LAION-AI / Open-Assistant

OpenAssistant is a chat-based assistant that understands tasks, can interact with third-party systems, and retrieve information dynamically to do so.
https://open-assistant.io
Apache License 2.0
37.09k stars 3.24k forks source link

Add backend API rate limiting #175

Closed andreaskoepf closed 1 year ago

andreaskoepf commented 1 year ago

Add a throttling system to the backend REST endpoints that tracks and limits the interaction frequency of users/api-clients. This will help us to prevent or slow down users/automated systems form flooding our database. Preferably we would like to limit on multiple keys, e.g. user and api_client (each with different thresholds).
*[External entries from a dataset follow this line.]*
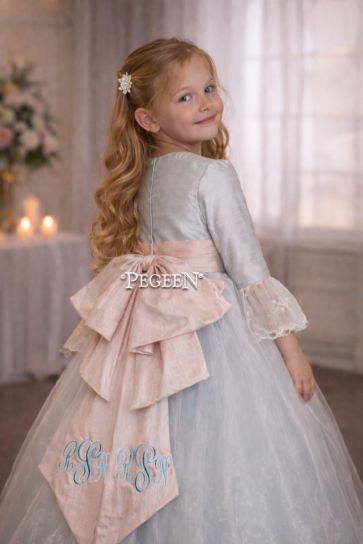 Flower Girl Dress Style 694 - Marie Antoinette
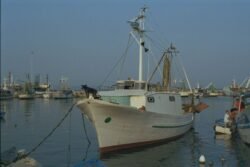 A Fishing Boat in Gaeta Italy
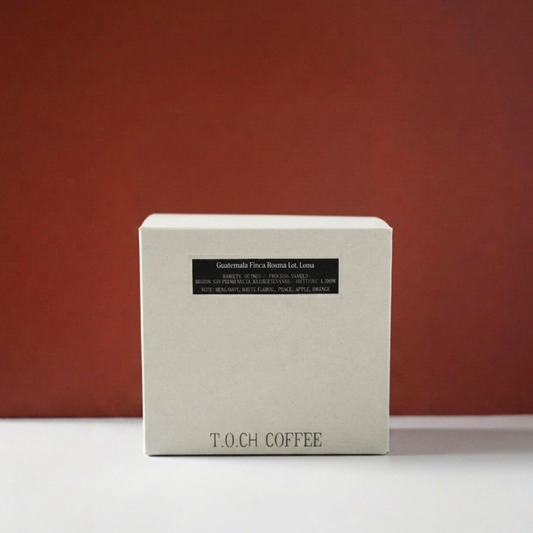 Guatemala Finca Rosma Geisha Washed (Lot.Loma) 100g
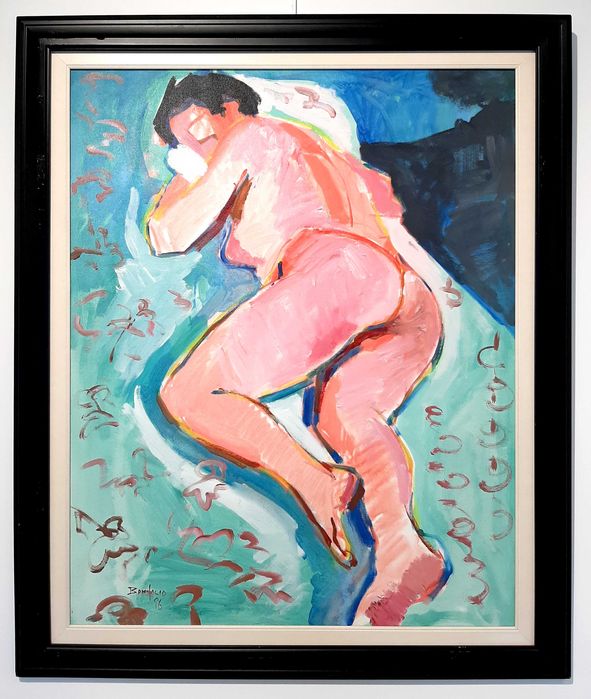 Bonifácio grande pintura sobre tela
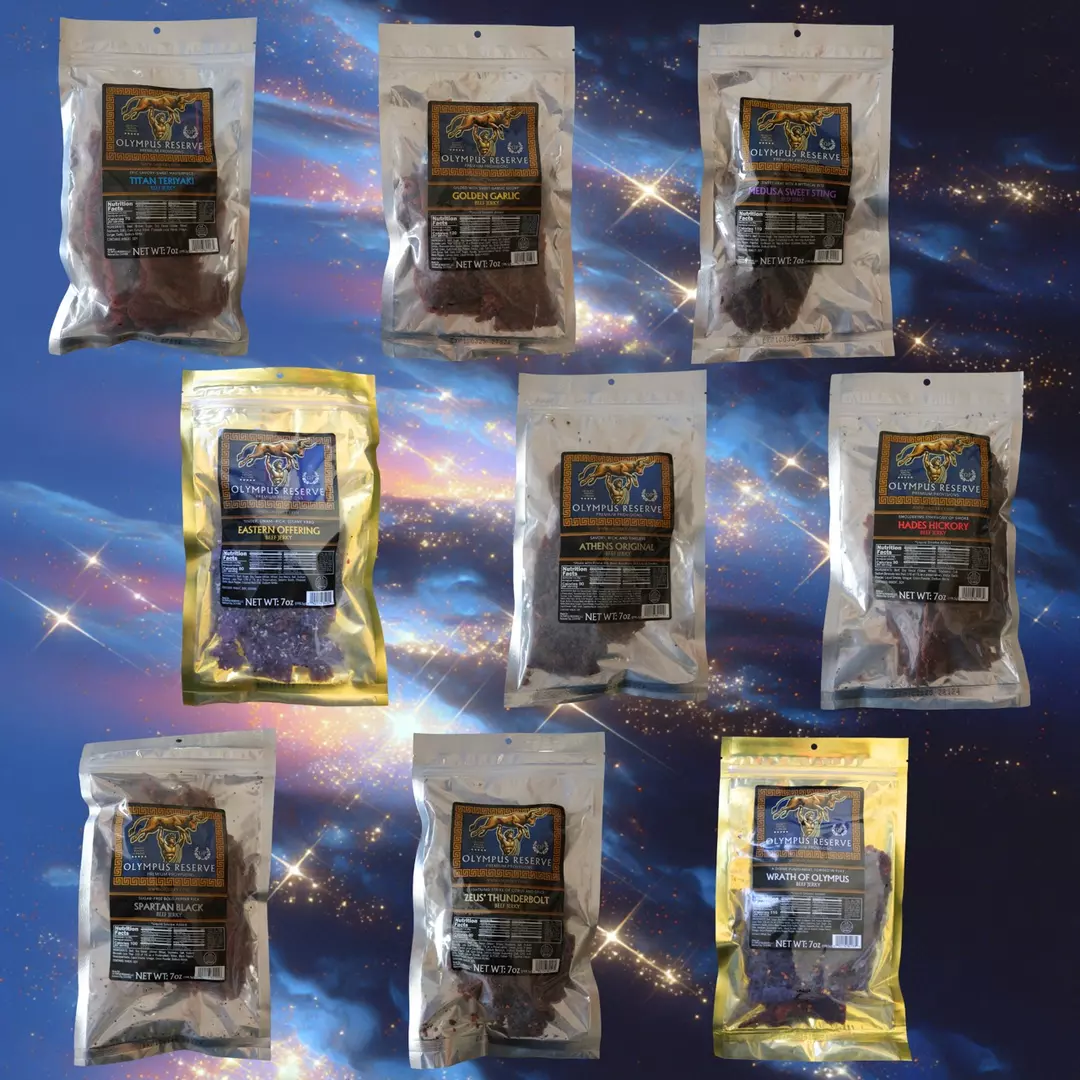 The Olympian's Bounty (~5 LB) — Complete 10-Flavor Pantheon Sampler thumbnail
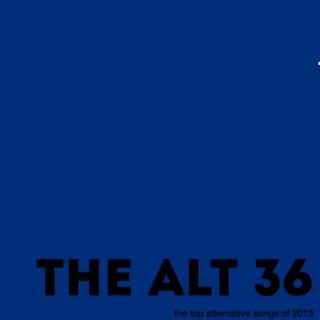 #ALT36 of 2013 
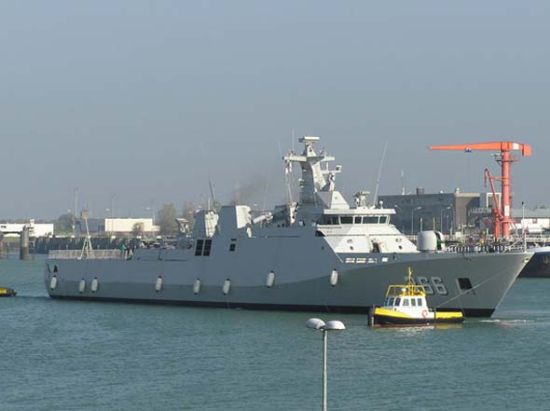 越南向荷兰订购四艘西格玛级轻型护卫舰(图)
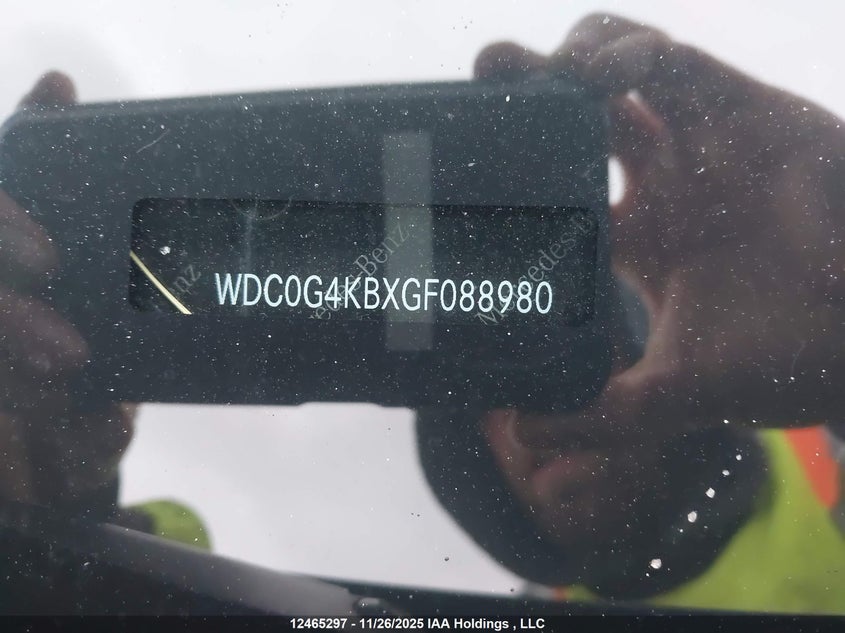 WDC0G4KBXGF088980 2016 MERCEDES-BENZ GLC photo no. 17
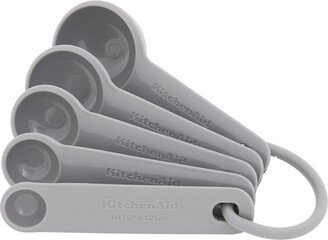 KitchenAid Measuring Spoons Grey Set of 5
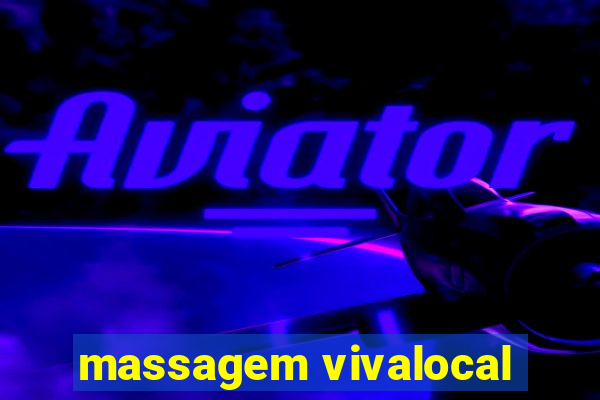 massagem vivalocal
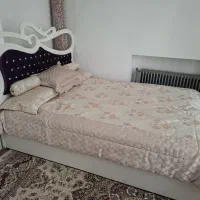 تخت دو نفره|تخت و سرویس خواب|بیجار, |دیوار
  1. Review existing libraries such as laurentS/slowapi & fastapi-limiter and select one (please justify your choice).
  2. Make necessary changes in to existing backend endpoints
GraemeHarris commented 1 year ago

@andreaskoepf Happy to pick this up if free - will add some local load testing and report in the PR

kiritowu commented 1 year ago

The following are my two-cents after reading through the source code and documentations for slowapi and fastapi-limiter:

Storage Options

Since In-built Memory and MongoDB is eliminated due to scalability issue and relative latency (as compared to memory-based alternatives), the two storage options left are Redis vs Memcached in which Redis seems to be a better alternative due to its Replication capabilities and Lua scripting.

Code Usage

One limitation of slowapi is that the request argument must be explicitly stated and hinted as fastapi.Request in the endpoints parameters like this.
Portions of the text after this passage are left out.